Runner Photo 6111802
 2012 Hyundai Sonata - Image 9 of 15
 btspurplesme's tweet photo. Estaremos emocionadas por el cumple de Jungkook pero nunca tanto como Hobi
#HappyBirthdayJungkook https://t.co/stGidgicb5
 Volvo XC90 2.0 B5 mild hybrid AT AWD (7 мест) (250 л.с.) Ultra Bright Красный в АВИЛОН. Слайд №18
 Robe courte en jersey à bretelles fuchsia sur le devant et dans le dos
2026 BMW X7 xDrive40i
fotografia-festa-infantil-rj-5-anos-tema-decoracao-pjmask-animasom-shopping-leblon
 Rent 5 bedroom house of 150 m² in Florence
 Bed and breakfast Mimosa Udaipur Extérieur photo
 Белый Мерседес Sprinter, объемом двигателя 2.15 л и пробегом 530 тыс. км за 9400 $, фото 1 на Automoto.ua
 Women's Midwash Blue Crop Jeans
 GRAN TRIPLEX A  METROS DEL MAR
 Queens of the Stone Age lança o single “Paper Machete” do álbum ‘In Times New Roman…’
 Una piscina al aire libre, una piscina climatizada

++++++++++++++++++++

Transcribe the entire listing without a single omission.

Runner Photo 6111802
 2012 Hyundai Sonata - Image 9 of 15
 btspurplesme's tweet photo. Estaremos emocionadas por el cumple de Jungkook pero nunca tanto como Hobi
#HappyBirthdayJungkook https://t.co/stGidgicb5
 Volvo XC90 2.0 B5 mild hybrid AT AWD (7 мест) (250 л.с.) Ultra Bright Красный в АВИЛОН. Слайд №18
 Robe courte en jersey à bretelles fuchsia sur le devant et dans le dos
2026 BMW X7 xDrive40i
fotografia-festa-infantil-rj-5-anos-tema-decoracao-pjmask-animasom-shopping-leblon
 Rent 5 bedroom house of 150 m² in Florence
 Bed and breakfast Mimosa Udaipur Extérieur photo
 Белый Мерседес Sprinter, объемом двигателя 2.15 л и пробегом 530 тыс. км за 9400 $, фото 1 на Automoto.ua
 Women's Midwash Blue Crop Jeans
 GRAN TRIPLEX A  METROS DEL MAR
 Queens of the Stone Age lança o single “Paper Machete” do álbum ‘In Times New Roman…’
 Una piscina al aire libre, una piscina climatizada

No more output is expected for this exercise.